- [Task details]: Copy out exactly the lines spanning the line with "save mother nature" to the line with "Gianmarco Toto - Les", inclusive, from the data underneath, with no pictures.
═══ Supplied material ═══
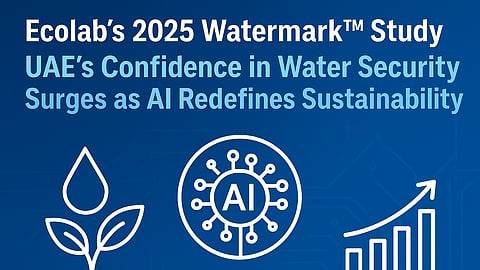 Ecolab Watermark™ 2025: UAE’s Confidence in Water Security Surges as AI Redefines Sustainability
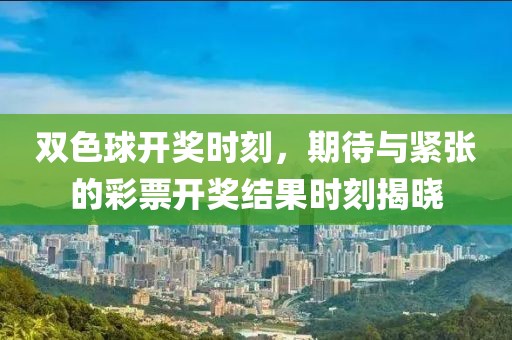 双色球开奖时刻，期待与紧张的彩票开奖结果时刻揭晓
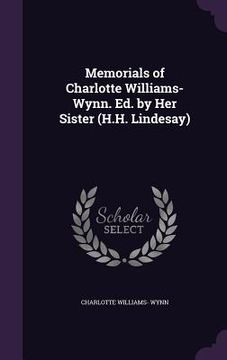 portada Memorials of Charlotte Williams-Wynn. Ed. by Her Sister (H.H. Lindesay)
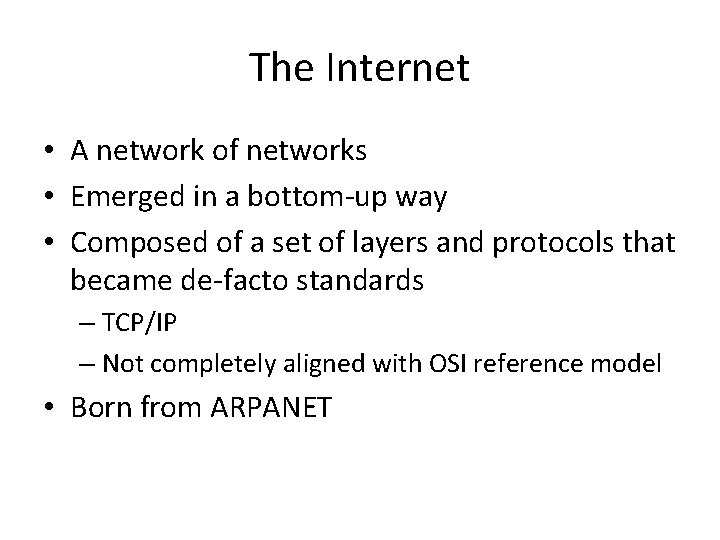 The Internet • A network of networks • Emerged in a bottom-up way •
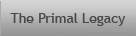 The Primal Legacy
═══
═══ Supplied material ═══
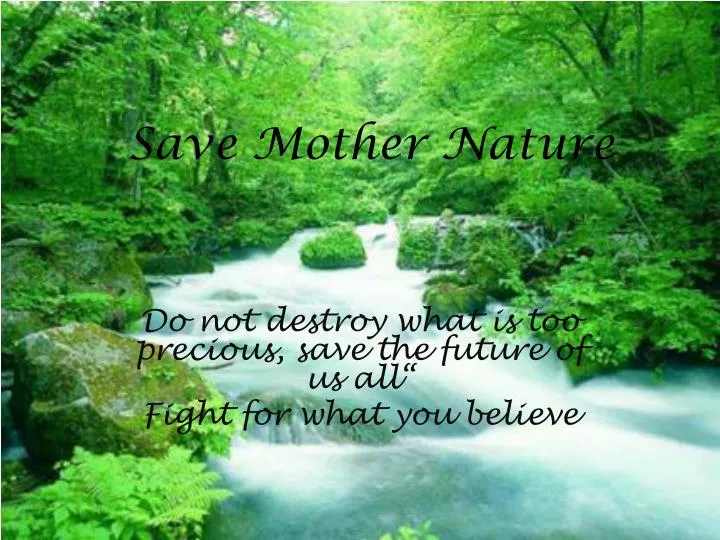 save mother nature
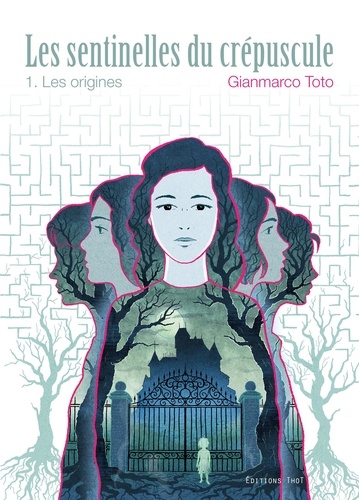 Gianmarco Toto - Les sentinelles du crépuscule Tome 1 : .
═══
═══ Supplied material ═══
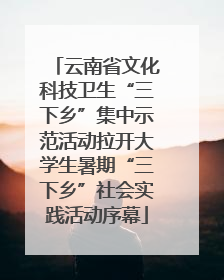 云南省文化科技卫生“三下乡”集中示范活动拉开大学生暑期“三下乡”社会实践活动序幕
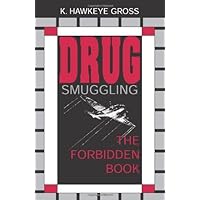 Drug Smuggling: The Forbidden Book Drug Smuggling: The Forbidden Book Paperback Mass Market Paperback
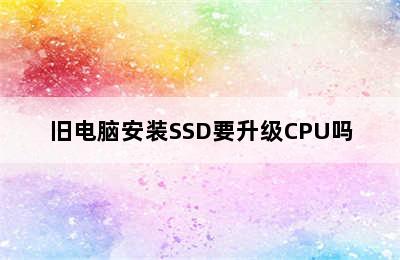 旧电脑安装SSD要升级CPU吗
═══
- [Solution for this exercise]:
 save mother nature
 Gianmarco Toto - Les sentinelles du crépuscule Tome 1 : .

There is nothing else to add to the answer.